How To Make Brown Gravy: Your gravy will be thick and flavorful but still smooth. Thanks to these brief easy-to-follow instructions from a professional chef. Enlarge

How To Make Brown Gravy

How To Make Brown Gravy: Your gravy will be thick and flavorful but still smooth. Thanks to these brief easy-to-follow instructions from a professional chef.

Hi, there. I'm Matt from the Underground Cookery School, and today I'm going to do a video cookery lesson for you. Hi, there.

I'm going to show you how to make brown gravy. So the first thing we need to do is just take out what we're roasting off in the oven. Now, in this case, I've just got some chicken wings, but the chances are, if you're making gravy, you probably may have a chicken, or a joint of beef, or pork, lamb, you know, whatever it is.

But the principle is the same. You take whatever it is you're roasting out, and what you are left with in the pan is quite a lot of residual fat, and all those flavors in the pan, and that's how we're going to make our gravy. So, I'm going to put that on there, and the first thing I'm going to do is just bring it up to a reasonable temperature, so just leave it for a second.

Obviously, you don't want to, rather you want to keep your eye on this, because I have seen many of these just get burned completely. I'm going to put a tablespoon of that in, and I'm now going to take that off the heat before it gets too hot, because that residual fat is really starting to get hot. And just try, and in fact, I'm going to do this off the heat.

But what you want to try and do now is just scrape all that flavors into the fat and the flour. Now that flour is a roux, it's what we call a roux, and that's what's going to thicken it out. I'm going to add some chicken stock here.

This is a fresh stock. Oops! Bit of drama there. We like a bit of drama on Video Jug.

Proper epic, it is. It's got everything. So what I'm going to do now is just incorporate that chicken stock.

So, what I was saying before the fire, was you can use stock cube, so all you would do is get a stock cube, add boiling water, and have a jug. I'm using fresh because, you know, I prefer using fresh. And all I'm going to do now is just cook that stock down, and what will happen is, in the next two or three minutes, the volume of liquid in that pan will reduce down.

I'm going to keep an eye on the temperature though, for the reasons I said earlier on.
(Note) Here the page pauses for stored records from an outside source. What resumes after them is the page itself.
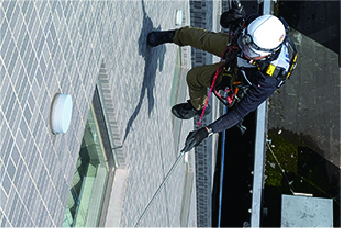 耐震調査・外壁打診調査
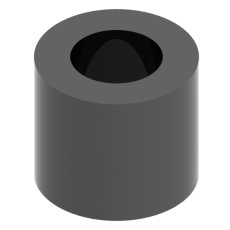 4 Adapters for 4 tubes of 80 ml  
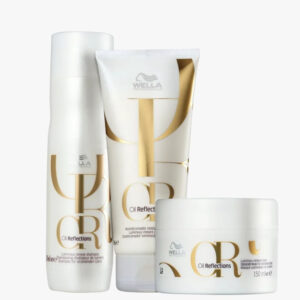 Kit Wella Professionals Oil Reflections Tratamento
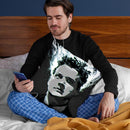 Eraserhead Throw Pillow By Nikita Abakumov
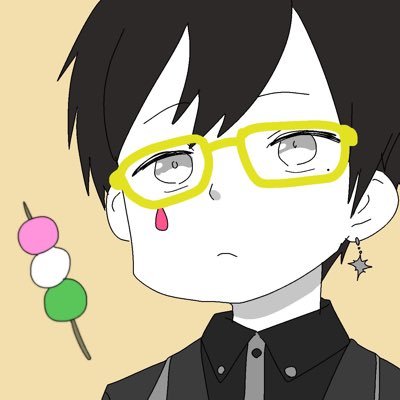 だんご🍡さんのプロフィール画像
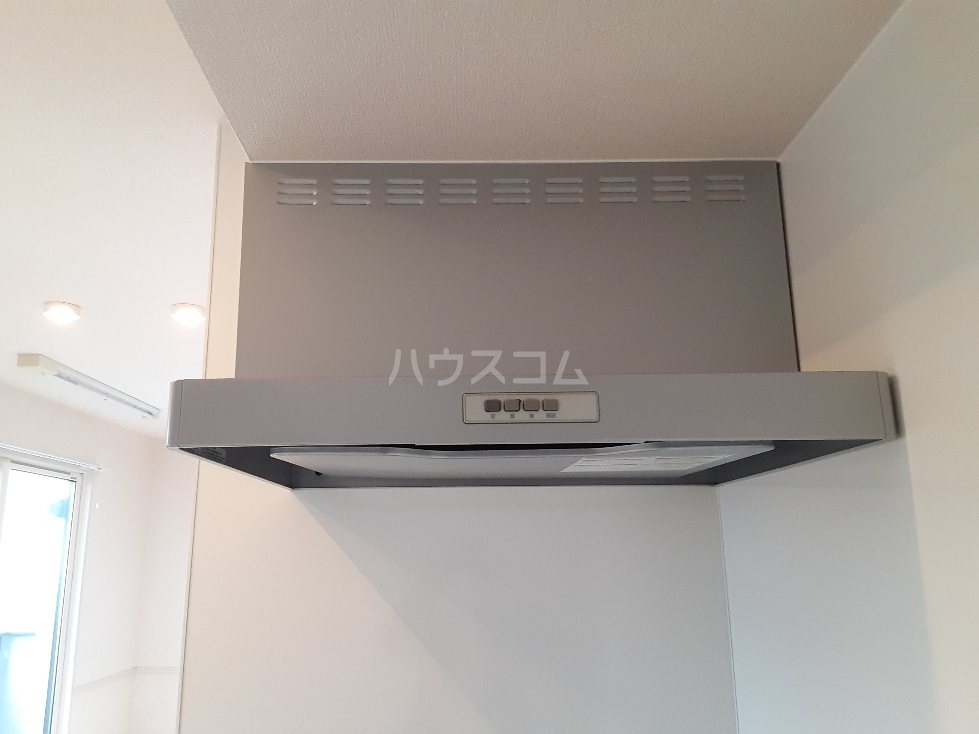 16/30 キッチン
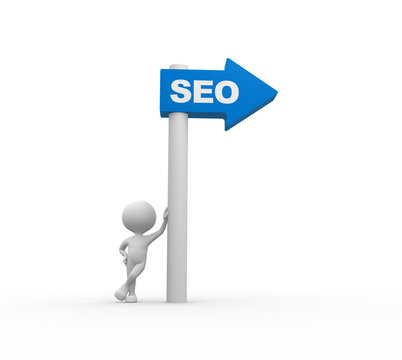 SEO concept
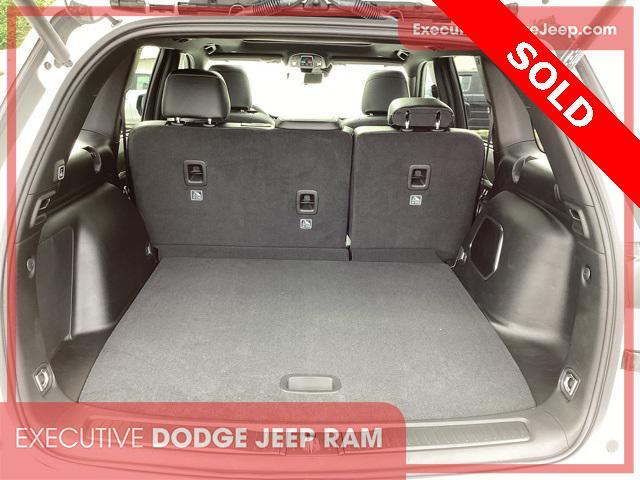 new 2024 Jeep Grand Cherokee 4xe car, priced at $55,112
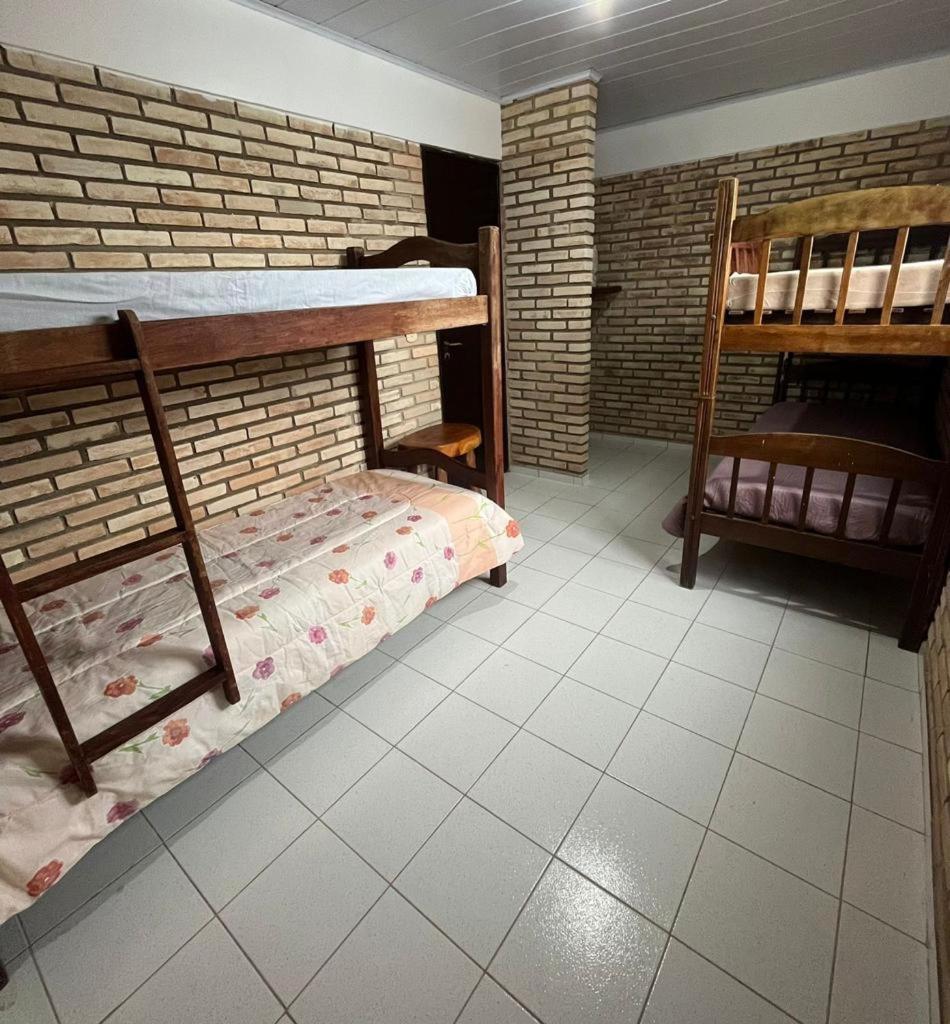 فيلا Casa Na بارا دي ساو ميجيل المظهر الخارجي الصورة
You don't want the pan to be too hot, and also as you can see, what I'm doing is just moving it around, obviously with a cloth, to ensure that no one part of this pan gets so hot that, you know, there's a risk that it might burn. So, I'm going to carry on cooking this down until it reduces down, and then what I'll do is pass the final gravy through this sieve.

This has been on the hob now for about three or four minutes. You'll see in a minute, it's thickened out really nicely. I'm just going to take that off the hob.

Now it's still quite bitty, from all the bits of flavor that were in the bottom of the pan, and we obviously want to get rid of as much of that as possible, so what I'm now going to do is just pass that through the sieve. And I just want to show you the consistency of what we're working with here, because it started off, obviously if you look at the stock, the stock's quite watery, like that. However, if we look at the gravy, the gravy's now got a nice thickness to it.

That's how to make your brown gravy.